Perhaps our posture reflects something of our true character, the way we “carry ourselves” through life. In that sense, perhaps what you see is what you get. When she starts to move, the tension in the room rises as her focused, unruffled attitude communicates itself to the air around her.
“Use your glutes to stretch your backbone straight as it rises from between those two muscles,” she instructs. “When you move, you want to hold your whole body straight with your spine, supported by your glutes. Every part of your body needs to be connected to your brain and your conscious thought at all times.”
Kikuchi Kazuko is now 90 years old. She says she never dreamed that her style of calisthenics and gymnastics exercises would last this long and have such a dramatic impact on so many people’s lives. Over the years, plenty of new keep-fit fads have come and gone. But Kikuchi’s approach was always different. Soon after giving her first classes, her life was taken up with running her studios and culture centers in Tokyo and Kanagawa Prefectures, appearing on television, and giving interviews, lectures, and talks. Fifty years later, her unique approach to maintaining mental and physical strength into old age remains as popular and influential as ever.
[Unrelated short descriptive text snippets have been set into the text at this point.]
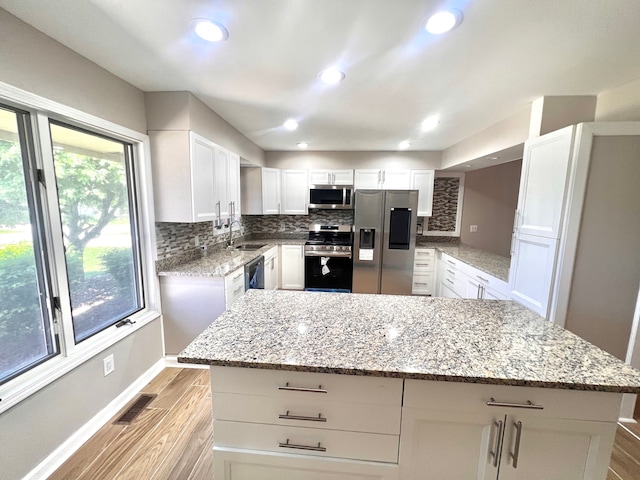 kitchen with stainless steel appliances, a sink, light wood-type flooring, backsplash, and white cabinets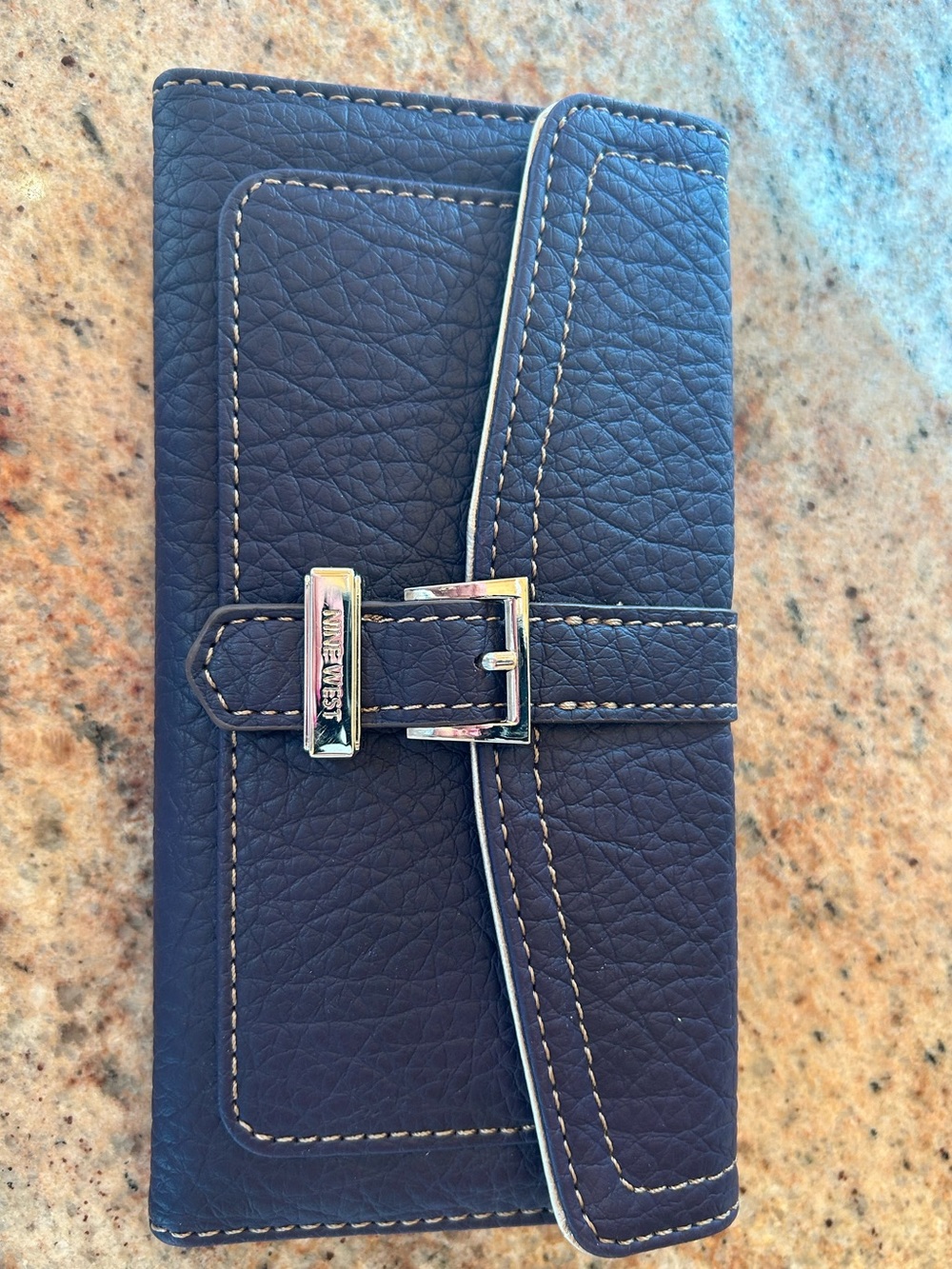 Nine West Deep Blue Trifold Wallet 8”x4” 
4 interior Bill slots/ 16 card slots
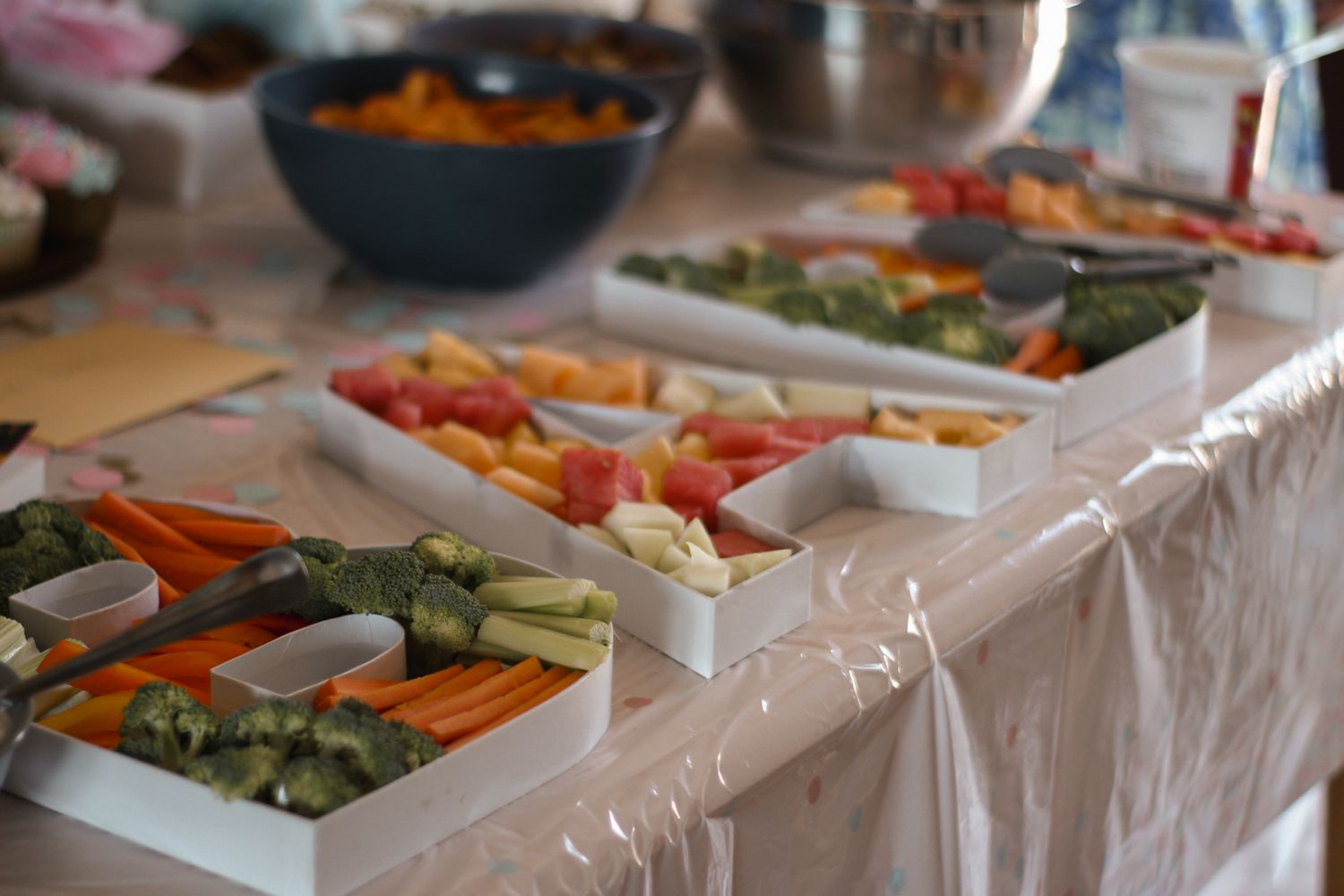 Long table with fresh vegetable and crudité platter spread on white tablecloth.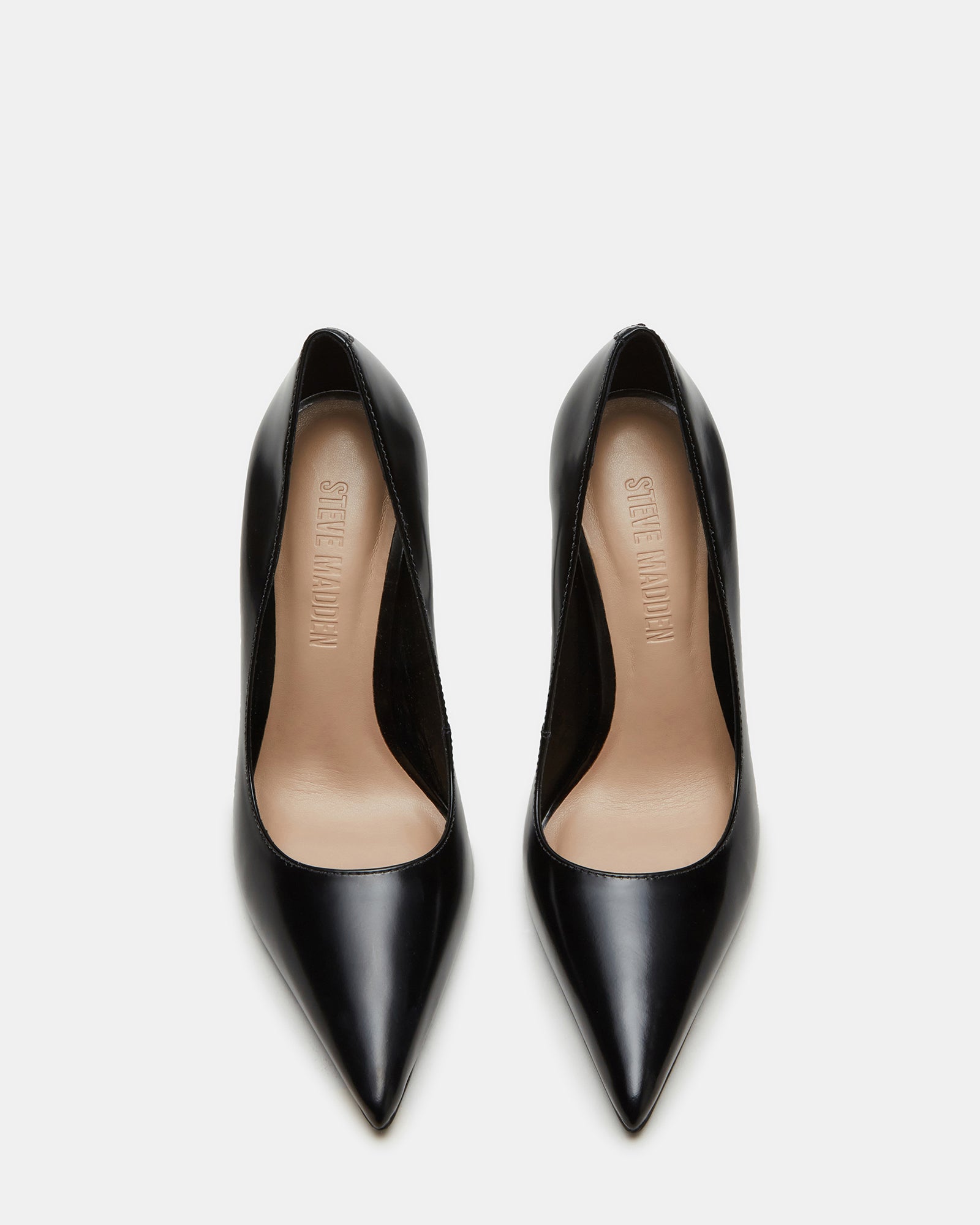 Side view of black leather pumps highlighting the pointed toe design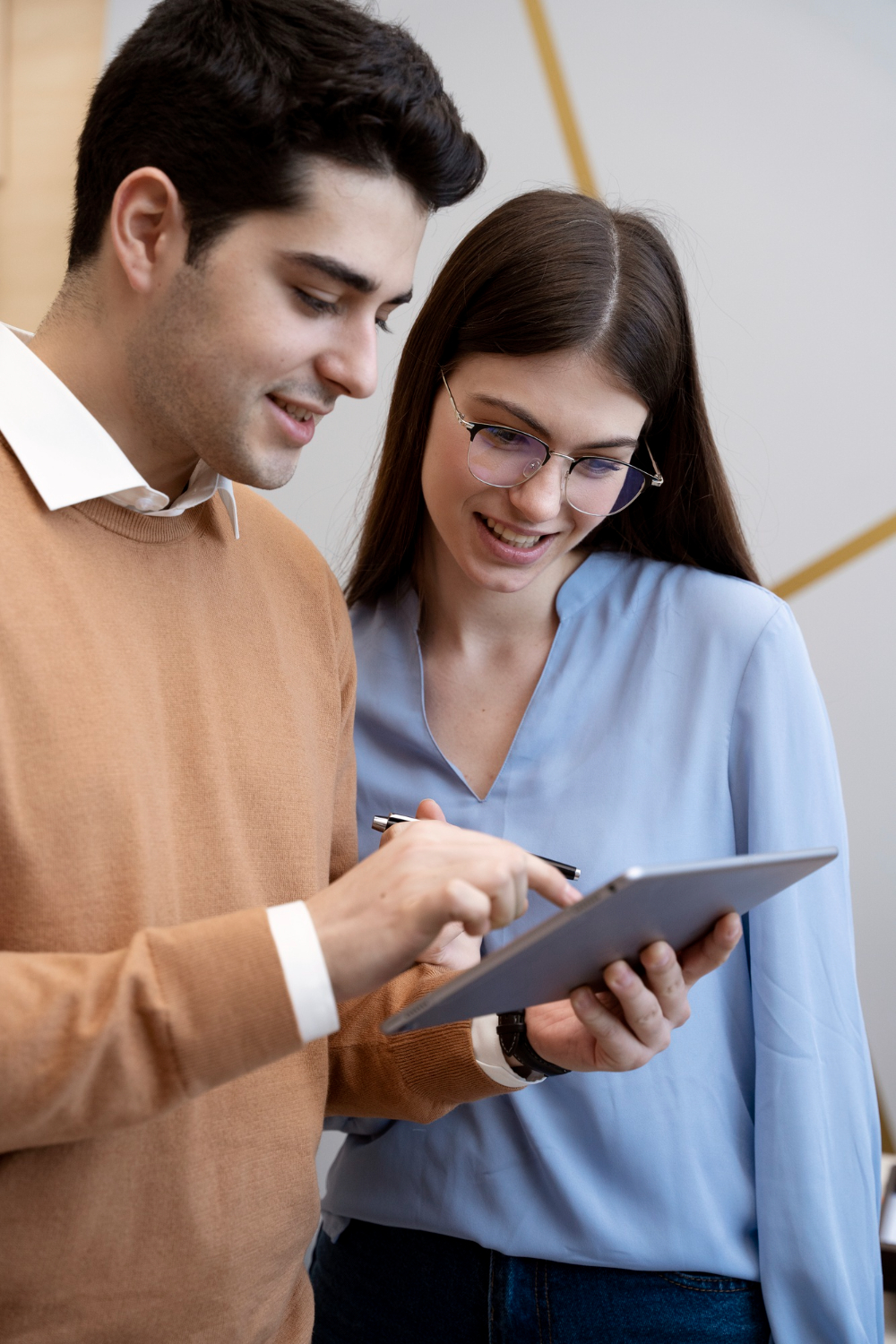 two people looking at a tablet discussing work together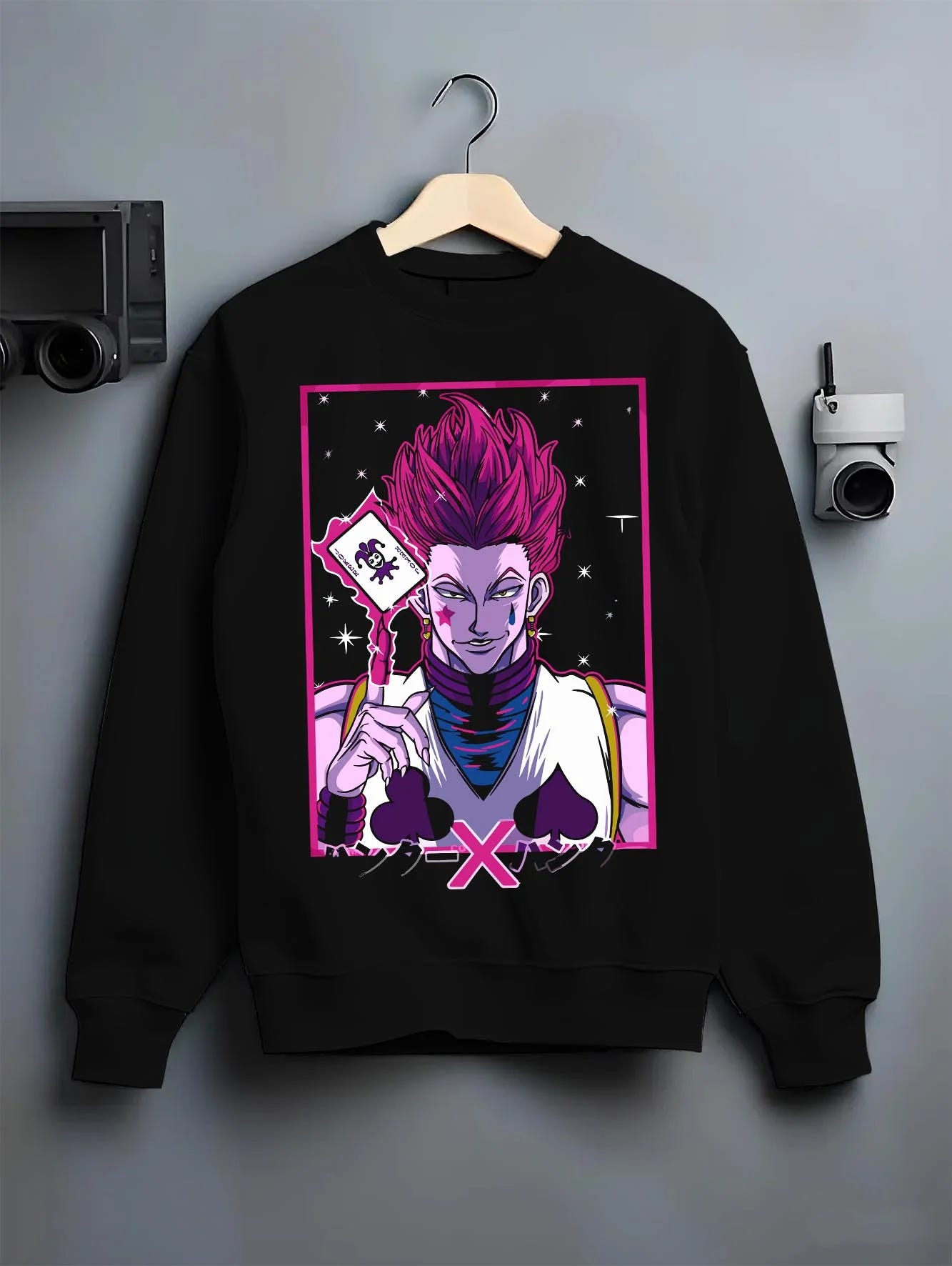 Black crewneck sweatshirt on hanger with Hunter x Hunter Hoodie Hisoka Phantom Troupe Jumper graphic Hisoka anime design.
Her attitude, spirit, and words have inspired countless people over the decades, and her legions of fans continue to place faith in her approach as the secret to a long life of physical and mental strength and resilience. What is the secret to the success of Kikuchi’s calisthenics, which has been called a “gymnastics of life”?
A Handshake Between Fingers and Toes
One important aspect of Kikuchi’s exercises is built on something we don’t often notice in our daily lives: the close connections between our fingers and toes.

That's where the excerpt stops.